◆ Work instructions
One line at a time, check the entries below for the word "sale", and copy each line that has it.

◆ Input data
= = = = =
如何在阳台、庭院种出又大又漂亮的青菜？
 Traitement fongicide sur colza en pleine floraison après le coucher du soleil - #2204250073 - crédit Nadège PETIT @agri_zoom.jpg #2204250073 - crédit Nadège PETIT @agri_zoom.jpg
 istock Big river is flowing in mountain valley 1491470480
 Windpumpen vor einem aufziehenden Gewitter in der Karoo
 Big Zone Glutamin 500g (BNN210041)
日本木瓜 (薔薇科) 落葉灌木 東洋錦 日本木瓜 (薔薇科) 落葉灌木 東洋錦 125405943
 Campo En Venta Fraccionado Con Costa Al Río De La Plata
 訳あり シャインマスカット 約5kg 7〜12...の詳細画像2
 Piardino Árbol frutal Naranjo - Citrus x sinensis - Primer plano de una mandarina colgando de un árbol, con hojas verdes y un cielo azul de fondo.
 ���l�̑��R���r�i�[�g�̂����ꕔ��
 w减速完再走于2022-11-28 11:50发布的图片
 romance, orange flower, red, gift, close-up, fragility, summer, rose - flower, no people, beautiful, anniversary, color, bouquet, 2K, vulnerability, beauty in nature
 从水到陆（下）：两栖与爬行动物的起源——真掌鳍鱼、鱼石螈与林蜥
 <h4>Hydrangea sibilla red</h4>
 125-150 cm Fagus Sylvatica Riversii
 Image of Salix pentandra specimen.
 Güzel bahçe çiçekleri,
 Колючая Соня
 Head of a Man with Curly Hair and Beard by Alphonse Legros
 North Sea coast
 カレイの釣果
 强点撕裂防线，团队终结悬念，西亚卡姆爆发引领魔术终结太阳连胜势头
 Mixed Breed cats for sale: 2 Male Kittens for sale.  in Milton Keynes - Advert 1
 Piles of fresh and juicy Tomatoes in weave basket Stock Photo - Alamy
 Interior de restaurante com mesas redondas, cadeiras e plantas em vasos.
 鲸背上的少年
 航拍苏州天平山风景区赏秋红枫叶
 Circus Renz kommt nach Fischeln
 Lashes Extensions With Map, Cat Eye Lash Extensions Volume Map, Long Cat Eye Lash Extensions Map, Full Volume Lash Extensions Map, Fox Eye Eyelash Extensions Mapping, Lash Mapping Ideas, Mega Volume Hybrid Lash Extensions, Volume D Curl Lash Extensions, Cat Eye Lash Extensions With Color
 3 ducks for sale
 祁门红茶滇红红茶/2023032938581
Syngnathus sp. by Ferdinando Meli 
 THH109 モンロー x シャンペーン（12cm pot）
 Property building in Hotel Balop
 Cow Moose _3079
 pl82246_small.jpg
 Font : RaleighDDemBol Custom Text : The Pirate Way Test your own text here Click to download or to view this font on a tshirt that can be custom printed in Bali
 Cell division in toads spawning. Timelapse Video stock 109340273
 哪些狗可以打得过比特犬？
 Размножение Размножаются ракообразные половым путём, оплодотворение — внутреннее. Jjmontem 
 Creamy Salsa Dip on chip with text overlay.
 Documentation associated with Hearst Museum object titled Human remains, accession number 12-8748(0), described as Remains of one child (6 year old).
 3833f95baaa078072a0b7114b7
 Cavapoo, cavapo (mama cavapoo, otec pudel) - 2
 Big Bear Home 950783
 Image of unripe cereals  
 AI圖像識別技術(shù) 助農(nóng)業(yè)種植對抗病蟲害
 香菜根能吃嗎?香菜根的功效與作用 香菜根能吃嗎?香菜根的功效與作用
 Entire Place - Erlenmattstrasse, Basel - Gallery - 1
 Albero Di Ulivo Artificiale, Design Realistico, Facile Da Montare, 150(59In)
= = = = =
◆ Your response
 Mixed Breed cats for sale: 2 Male Kittens for sale.  in Milton Keynes - Advert 1
 3 ducks for sale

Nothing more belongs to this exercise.